Musicians will be paid royalties sooner than expected, under a new initiative implemented by APRA AMCOS to aid those struggling amidst coronavirus cancellations.
On Friday, March 27, the industry body announced it will be pulling forward payments to musicians, as per live performance reports, from November to May 2020.
“We know we need to get money into the pockets of our members quickly and efficiently,” Chief Executive of APRA AMCOS Dean Ormston says. “We distribute domestic royalties quarterly and royalties coming in from overseas on a monthly rolling basis – effectively 16 distributions per year. Our commitment to this will not change.”

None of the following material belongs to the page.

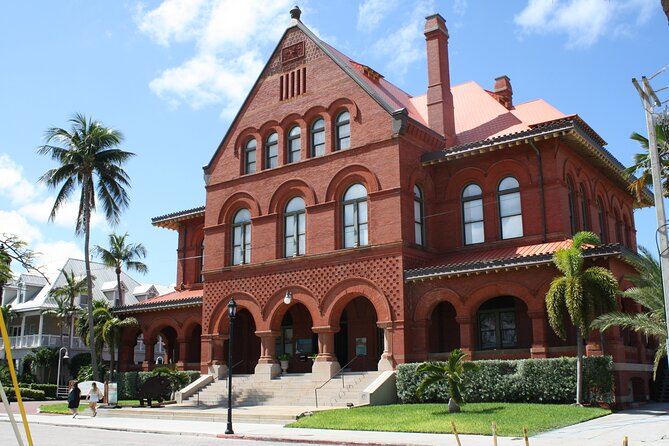 Key West’s Old Town Treasures: A Self-Guided Audio Tour - Churches, hotels, and the Key West personality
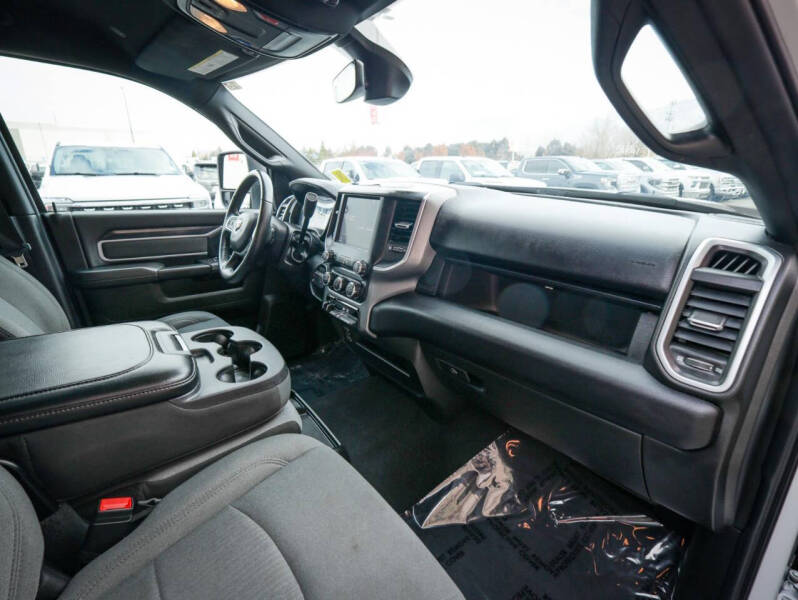 2024 RAM 3500 Big Horn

A statement posted to their website outlines that artist who submitted performance reports last year and were paid in the November 2019 distribution don’t need to submit any further information. APRA AMCOS will be using the same data to pay royalties for the upcoming May round.
Artists who did not submit reports or receive a live performance payment last year are being urged to contact Member Services on email@example.com as soon as possible.
APRA AMCOS is an Australian industry body, which ensures artists are being paid for their work and the use of it in various contexts. According to their website, over 103,000 songwriters, composers and publishers are currently represented as members.
They licence organisations to play, perform, copy, record or make available members’ music. APRA AMCOS then distributes royalties to members when their work is used, for example, when a song is played on radio.
In addition to fast-tracking live performance royalties, they’re also campaigning for local content support, along with reduced business costs and urgent government support for the arts.
“APRA AMCOS is not immune to the impacts of the crisis. We are looking at cutting costs across the business while not compromising our commitment to our members – getting more money to you as quickly and efficiently as possible.
“We are working with our sector colleagues, not just across the music sector, but also the broader cultural and creative industries to advocate to government for urgent financial assistance for both individuals and the breadth of businesses vital to the contemporary music industry ecosystem.”